Décidément, l’Allemagne est au cœur de nos préoccupations.


Après avoir envisagé comment l’Allemagne finissait de juger le nazisme – la mort ayant été plus rapide que la justice dans l’affaire Münter [1] – , le présent arrêt de la cinquième chambre de la Cour européenne des droits de l’Homme nous donne l’occasion de voir de quelle manière le négationnisme [2] est appréhendé outre Rhin (I) et de quelle façon cette analyse est confirmée par les juges européens (II).


L’appréhension du négationnisme par les juges allemands

Les juges allemands ont appréhendé le négationnisme au travers de l’affaire suivante que l’on peut brièvement présenter.


M. Pastörs, député régional allemand, avait été condamné en Allemagne pour avoir nié l’Holocauste au cours d’un discours devant le Parlement régional.


Le 28 janvier 2010, c’est-à-dire le lendemain de la journée de commémoration de l’Holocauste, M. Pastörs, alors député au Parlement régional du Land de Mecklembourg-Poméranie-Occidentale, prononça un discours dans lequel il déclara que « le soi-disant Holocauste est utilisé à des fins politiques et commerciales ».


Il évoqua également un « barrage de critiques et de mensonges propagandistes » et des « extrapolations sur Auschwitz ».

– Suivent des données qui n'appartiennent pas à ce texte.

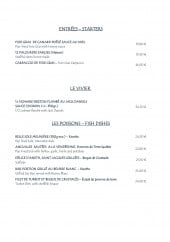 Menu L'Océan - les entrées et poissons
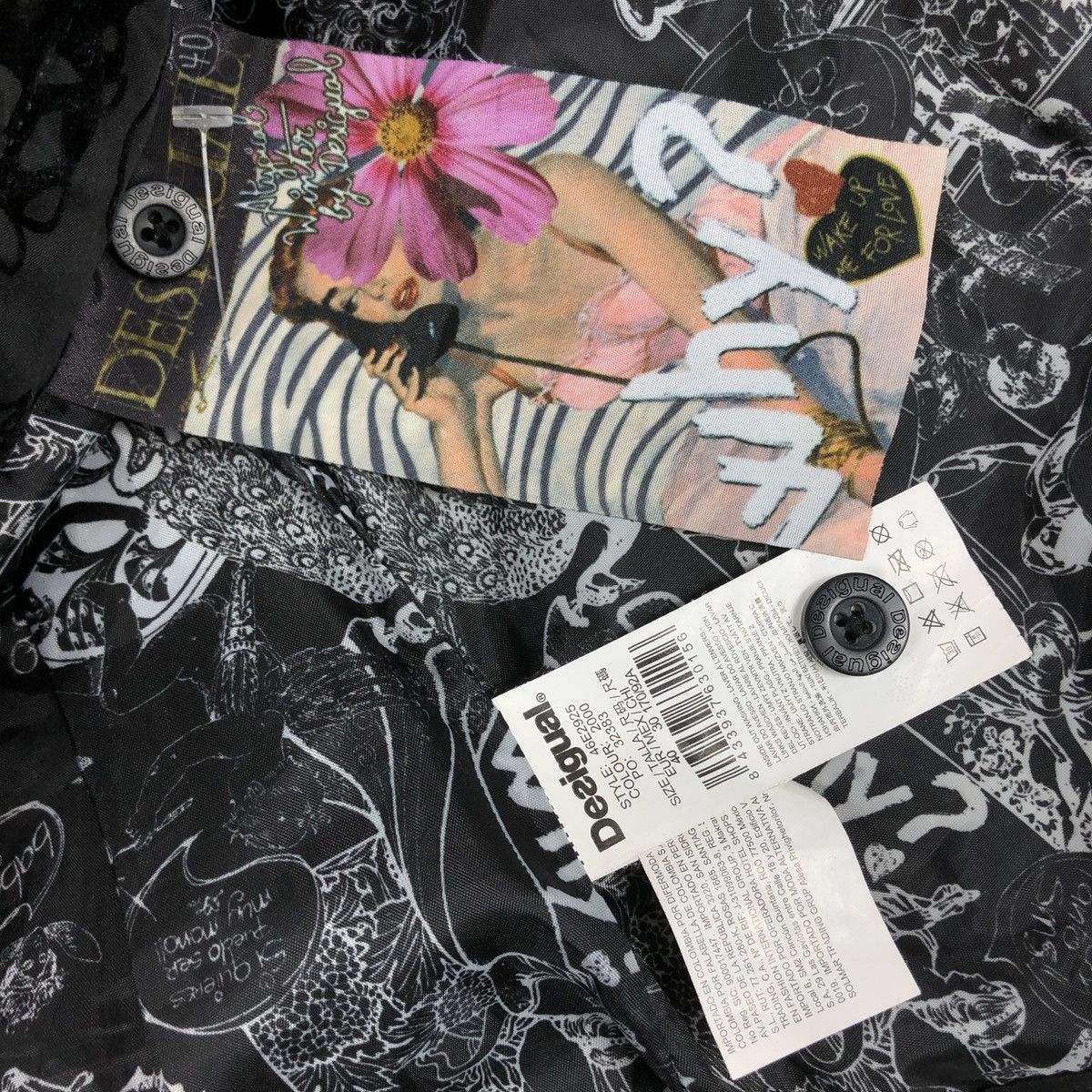 Designer × Desigual Women's DESIGUAL WHY? Black Floral Pattern With Belt Puffer Down Jacket Coat Bomber Size M / US 6-8 / IT 42-44 - 13 Thumbnail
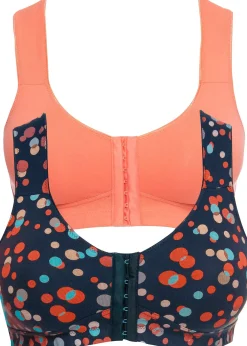 Femme bonprix Grands Bonnets D-H|Lingerie Coton|Lot de 2 soutiens-gorge fermeture devant sans armatures avec coton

Le 16 août 2012, un tribunal de district siégeant en une formation composée de la juge Y et de deux juges non professionnels le reconnut coupable de violation de la mémoire des morts et de diffamation intentionnelle du peuple juif.

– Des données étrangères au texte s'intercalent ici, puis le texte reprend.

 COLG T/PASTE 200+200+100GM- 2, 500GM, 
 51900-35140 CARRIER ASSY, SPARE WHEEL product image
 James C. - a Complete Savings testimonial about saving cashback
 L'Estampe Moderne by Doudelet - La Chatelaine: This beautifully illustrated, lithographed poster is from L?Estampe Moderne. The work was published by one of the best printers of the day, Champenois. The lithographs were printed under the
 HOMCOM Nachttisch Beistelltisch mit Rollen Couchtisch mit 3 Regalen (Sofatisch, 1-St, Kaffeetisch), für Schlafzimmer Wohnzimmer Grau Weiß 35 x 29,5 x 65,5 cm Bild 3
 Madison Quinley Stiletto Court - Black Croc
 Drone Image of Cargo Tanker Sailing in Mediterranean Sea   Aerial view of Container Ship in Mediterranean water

Le 25 mars 2013, le tribunal régional rejeta, pour défaut de fondement, l’appel formé par le requérant contre sa condamnation.


Après examen du discours dans son intégralité, le tribunal conclut que M. Pastörs avait utilisé des termes qui s’analysaient en un déni de l’extermination de masse à caractère raciste qui avait été menée de manière systématique contre les Juifs à Auschwitz pendant le Troisième Reich.


Le tribunal souligna, également, que le requérant ne pouvait invoquer son droit à la liberté d’expression relativement à des propos négationnistes.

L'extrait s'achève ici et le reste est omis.